A number of alternative structures for distributed ledgers have been proposed in recent years. All of these solutions offer better decentralization, faster and more numerous transactions serving a larger number of nodes.
I have been skeptical of such systems for a long time.
Given an adversarial environment I don’t believe you can maintain secure decentralized consensus AND have timely confirmation between arbitrary parties AND scale up to a large number of nodes/transactions.
Each word in that statement is very important. We can easily throw away decentralization to scale up processing and transaction rate. However, considering that one of the core motivations of distributed ledgers is to remove trusted third parties I don’t see wide adoption of such systems appealing. As such I will limit my discussion to decentralized consensus.
There is an inherent trade-off when decentralizing, the more nodes/transactions the more processing/communication between nodes, the longer it takes for an arbitrary party to be aware of the global state.
In order to have secure transactions between parties, each party must be aware of the global state of the network. We can easily throw away security and have really fast transactions, but our system would be worthless.
Proof-of-Work blockchains solve this security of global state problem through mining (or rather, through the computational power required to produce valid blocks). An adversary can’t doublespend without investing considerable resources to acquire the computational power required to produce valid blocks faster than the rest of the network.
The tradeoff proof-of-work blockchains make for this secure decentralization, is necessarily against scalability. Mining blocks is computationally expensive and takes time. The transactions per second is therefore tightly bound to the size of the produced blocks and the rate at which they are produced.
Any alternative system must provide a mechanism for achieving secure global state (and further, they must do so in a way that is more efficient than a proof-of-work blockchain).
And there we hit the crux of my issue with the new generation of distributed ledger structures, they all fundamentally fail to achieve the above.
It isn’t that many of these systems aren’t mathematically sound, they are. The issue is that the adversarial models presented by these systems are incompatible with real world networks.
Without questions, they require us to make one (or more) of the following assumptions:
- All peers have a timely, complete/uncompromised view of the network.
- All peers (an honest, total majority, or a partial but delegated majority) are online/reachable at all times.
Again, all those words are important.
A timely and complete view of a network is a very hard task in an adversarial network. Adversaries may partition the network, transactions may get dropped by relay nodes, undersea cables get cut etc.
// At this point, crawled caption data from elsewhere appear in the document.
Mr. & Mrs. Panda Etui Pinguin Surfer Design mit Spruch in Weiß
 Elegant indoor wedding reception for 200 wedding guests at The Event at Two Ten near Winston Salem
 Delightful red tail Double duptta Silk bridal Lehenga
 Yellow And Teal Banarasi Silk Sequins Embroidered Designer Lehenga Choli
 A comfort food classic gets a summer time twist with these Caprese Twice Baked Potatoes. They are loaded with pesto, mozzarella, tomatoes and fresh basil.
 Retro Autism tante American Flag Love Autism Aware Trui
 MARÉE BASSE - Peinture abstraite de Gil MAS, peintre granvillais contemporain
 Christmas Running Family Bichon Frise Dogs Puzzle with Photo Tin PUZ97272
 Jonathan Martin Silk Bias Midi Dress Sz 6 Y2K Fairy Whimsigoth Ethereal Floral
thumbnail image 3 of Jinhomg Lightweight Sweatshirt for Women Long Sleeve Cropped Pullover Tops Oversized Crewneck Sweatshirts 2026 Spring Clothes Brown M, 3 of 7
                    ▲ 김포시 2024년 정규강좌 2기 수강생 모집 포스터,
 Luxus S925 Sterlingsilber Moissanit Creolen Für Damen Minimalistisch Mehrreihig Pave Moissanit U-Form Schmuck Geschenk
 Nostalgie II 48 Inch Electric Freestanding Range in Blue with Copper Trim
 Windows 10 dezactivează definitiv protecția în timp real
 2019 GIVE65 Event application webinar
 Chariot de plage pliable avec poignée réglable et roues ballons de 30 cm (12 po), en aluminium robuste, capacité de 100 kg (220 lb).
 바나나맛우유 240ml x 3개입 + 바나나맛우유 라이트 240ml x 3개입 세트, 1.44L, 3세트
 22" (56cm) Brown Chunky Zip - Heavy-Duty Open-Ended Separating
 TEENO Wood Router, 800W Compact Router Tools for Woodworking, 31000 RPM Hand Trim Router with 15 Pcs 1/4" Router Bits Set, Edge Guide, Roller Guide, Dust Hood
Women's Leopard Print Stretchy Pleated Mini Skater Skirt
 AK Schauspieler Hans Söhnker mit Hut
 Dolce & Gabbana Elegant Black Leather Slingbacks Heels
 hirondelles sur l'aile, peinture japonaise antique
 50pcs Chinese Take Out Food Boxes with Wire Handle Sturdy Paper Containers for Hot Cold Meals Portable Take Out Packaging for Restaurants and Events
In proof-of-work blockchain systems, any peer is able to estimate how complete their view of the network is at any given time. Further, peers will only accept blocks in order and with expected difficulty.
That mechanism is missing in many proposals. Without the convergence provided by a difficult-to-construct block, peers have no way of establishing trust in the transactions or other messages they are receiving.
Implementing “trusted witnesses” solves that problem. Trusted witnesses are nodes that are known to have greater connectivity, or are otherwise trusted to maintain the canonical global state. While it is conjecture, I believe that any mechanism to “decentralize” such a witness will rapidly resemble a blockchain.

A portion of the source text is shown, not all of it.